Financial adviser Harriet Chase of AIG Valic, which provides WMC with its retirement program, told attendees that unique challenges face women planning for retirement.

Women face lower average earnings than men, along with fewer years in the work force and longer life expectancies than men.

More than one-third of women baby boomers will be single when they retire, and seven out of every 10 married women will outlive their husbands by 15 to 20 years, she said.

Many women also fall into what Chase called the "sandwich dilemma," financially supporting both their parents and their children.

"Sometimes we need to be a bit self-centered," Chase said. "We want to give our kids the best, but we don't have scholarships, loans or grants to pay for our retirement."

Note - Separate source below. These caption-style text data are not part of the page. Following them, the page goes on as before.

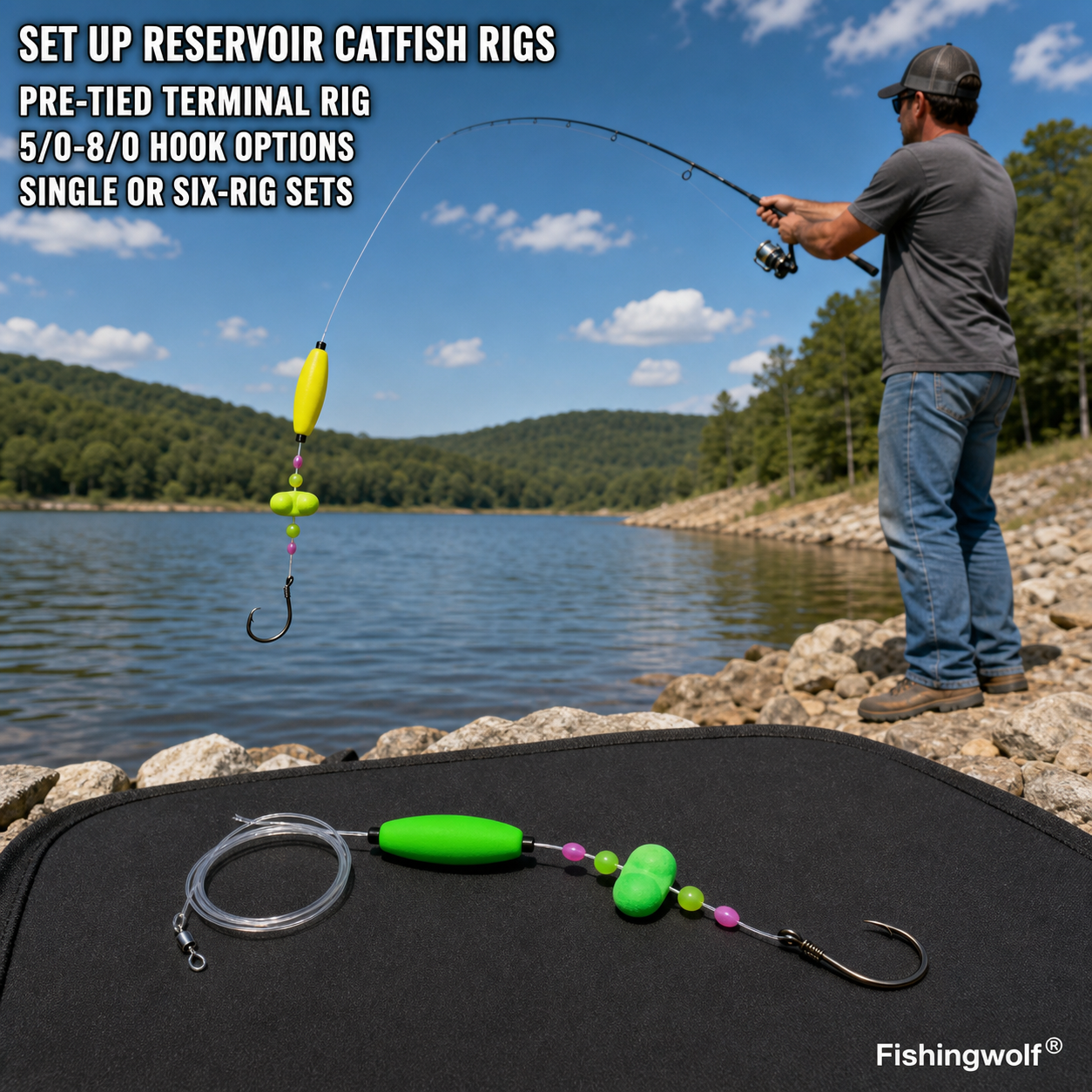 Reservoir catfish float rig with yellow cigar float, green beads, and pre-tied circle hook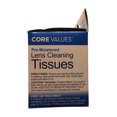 Core Values Lens Cleaning Tissues, 100 individually wrapped premoistened wipes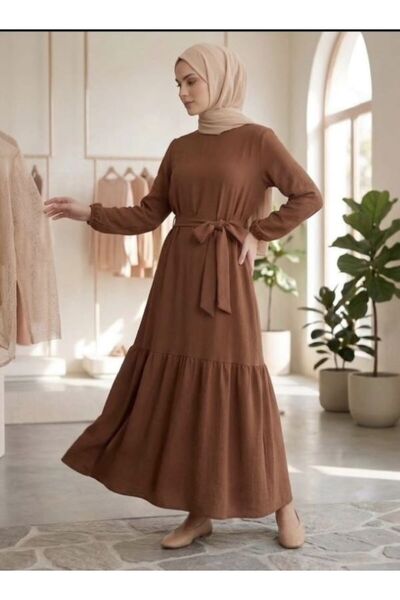 SHİROSA Bürümcük Fabric Belted Hijab Dress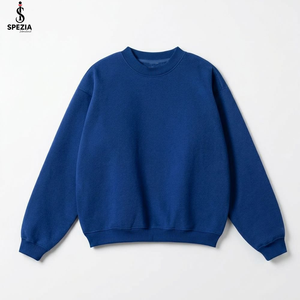 SPEZIA Sudadera negra con cuello redondo para hombre, informal, lisa, de manga larga, holgada - Product Image 5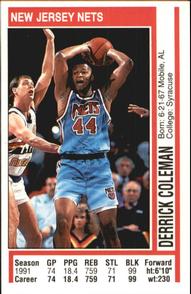 1991-92 Panini Stickers #157 Derrick Coleman Front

Chase listed four steps for helping women prepare for retirement.

* Identify the cost of retirement.

Only about 20 percent of retirement money comes from Social Security, and younger people can expect even less, she said. The majority of retirement money must come from earnings, pension plans, personal savings and investments.

* It's never to early to start planning.

Younger people starting out in a career don't need to put as much money into retirement plans as someone starting later, because they have time to let the money accumulate. At the same time, though, young people may have fewer responsibilities, such as children or house payments, and might want to consider putting extra money away while they have it, Chase said.

* Use tax-qualified plans.

People save more by taking part in tax-qualified plans, because money put into retirement funds aren't taxed. For example, if a person earns a gross income of $3,000 and takes out $200 for long-term savings, the net take-home pay is only $2,050. However, a person who has a pre-tax contribution, such as a 401K, takes home $2,100.

* Manage investments

Chase recommends meeting with a financial adviser to identify a "risk tolerance." That will help people decide if they want to stay in fixed-rate investments or jump into more high-risk ventures.